= IBBY Canada =

Canadian National Section

IBBY Canada is the Canadian National Section of the International Board on Books for Young People, a non-profit organization.

A national organization with representation from coast to coast, IBBY Canada's members include authors, illustrators, publishers, parents, teachers, librarians, booksellers, and academics. Membership is connected through regional councillors, a newsletter, and through programs and activities initiated by both IBBY Canada and their international partners.

IBBY Canada was established in 1980.

== Organization ==

The IBBY Canada executive consists of volunteers from the Canadian children's literature communities, including those who work in publishing or are librarians, booksellers, authors, and academics. The executive holds meetings every three months. Members are invited to attend the annual general meeting, which is usually held in Toronto in February.

== Awards ==

IBBY Canada administers several awards recognizing contributions to Canadian children's literature, including:

- Elizabeth Mrazik-Cleaver Canadian Picture Book Award
  - Established in 1985 in honour of Elizabeth Mrazik-Cleaver, a prominent Canadian book illustrator, this award recognizes a Canadian illustrator of a picture book published in Canada in English or French during the previous calendar year. To be eligible, the book must be a first edition and contain original illustrations. All genres are considered: fiction, non-fiction, poetry, folk and fairy tales.
- Frances E. Russell Award
  - Marjorie Russell set up this award in honour of her sister, Frances, a great supporter of IBBY Canada.
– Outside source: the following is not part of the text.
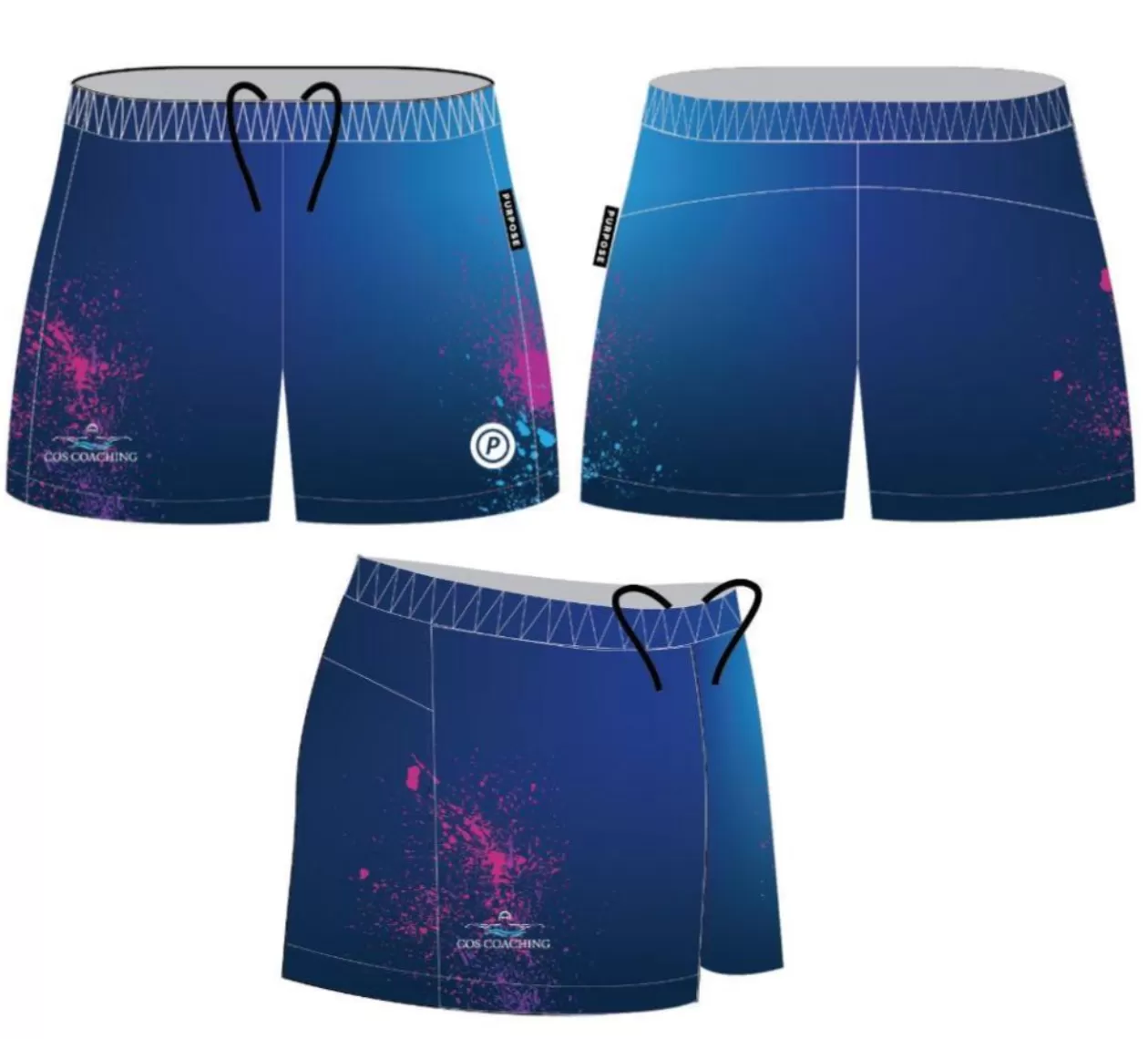 [CUSTOM BY PURPOSE] COS Coaching 4 Inch Running Shorts (Women)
It is given in support of research for a publishable work (a book or a paper) on Canadian children's literature.
- Claude Aubry Award
  - This biennial award was established in 1981 in honour of Claude Aubry, who served as director of the Ottawa Public Library, and is given to an individual for distinguished service within the field of children's literature.
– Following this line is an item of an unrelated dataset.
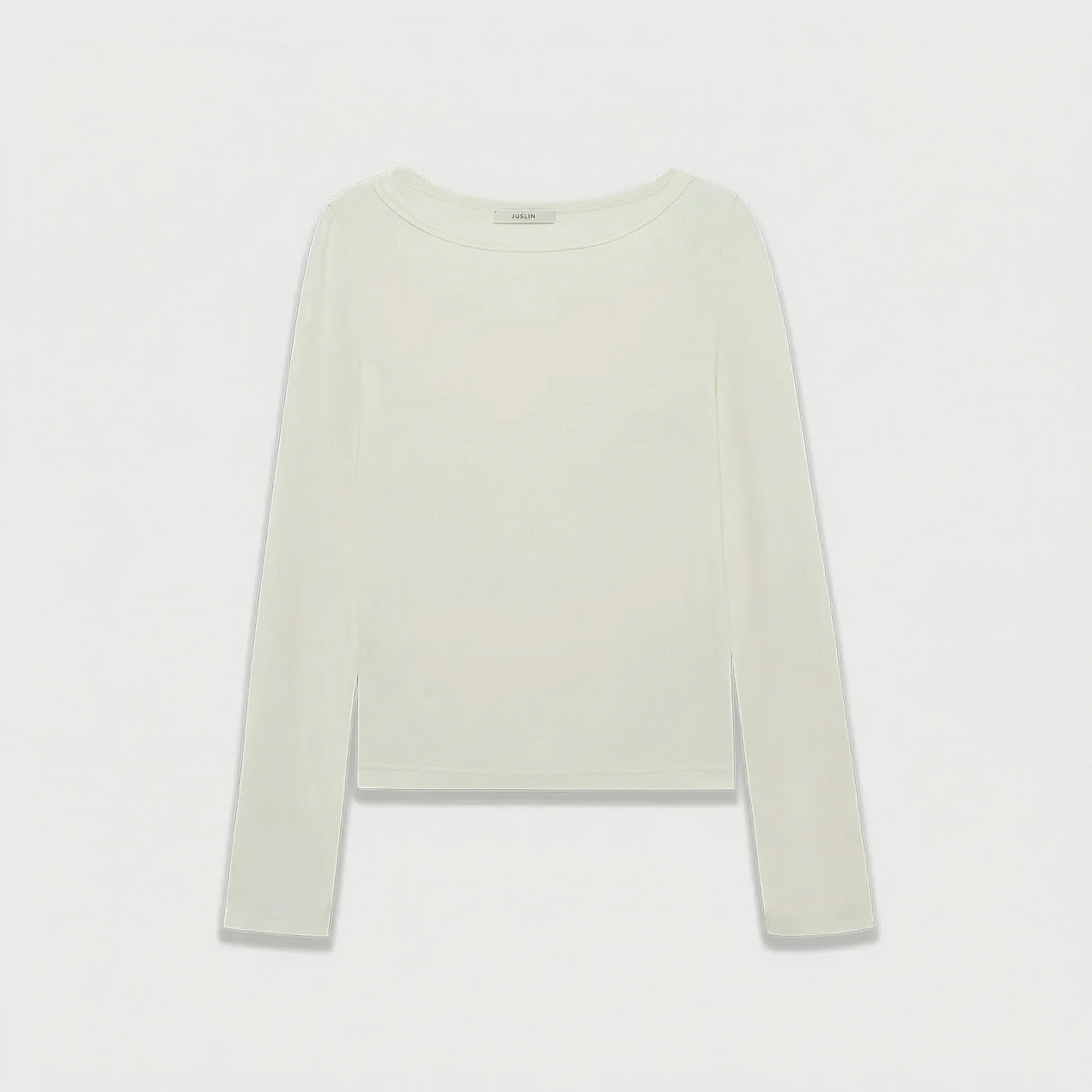 Multicolor Wool Blend Long Sleeve Top - Image 6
In addition to these national awards, IBBY Canada submits Canadian authors and artists for international awards consideration. These include the Hans Christian Andersen Award and the Astrid Lindgren Memorial Award.

== International ==

The International Board on Books for Young People believes in the ability of children's books to bridge cultures and, ultimately, to promote peace. Jella Lepman, founder of the International Youth Library in Munich, started IBBY in 1953 in postwar Germany, with the goal to promote international cultural understanding through children's books.

IBBY is a non-profit organization. Founded in Zurich, Switzerland in 1953, IBBY now has more than 70 National Sections from all over the world.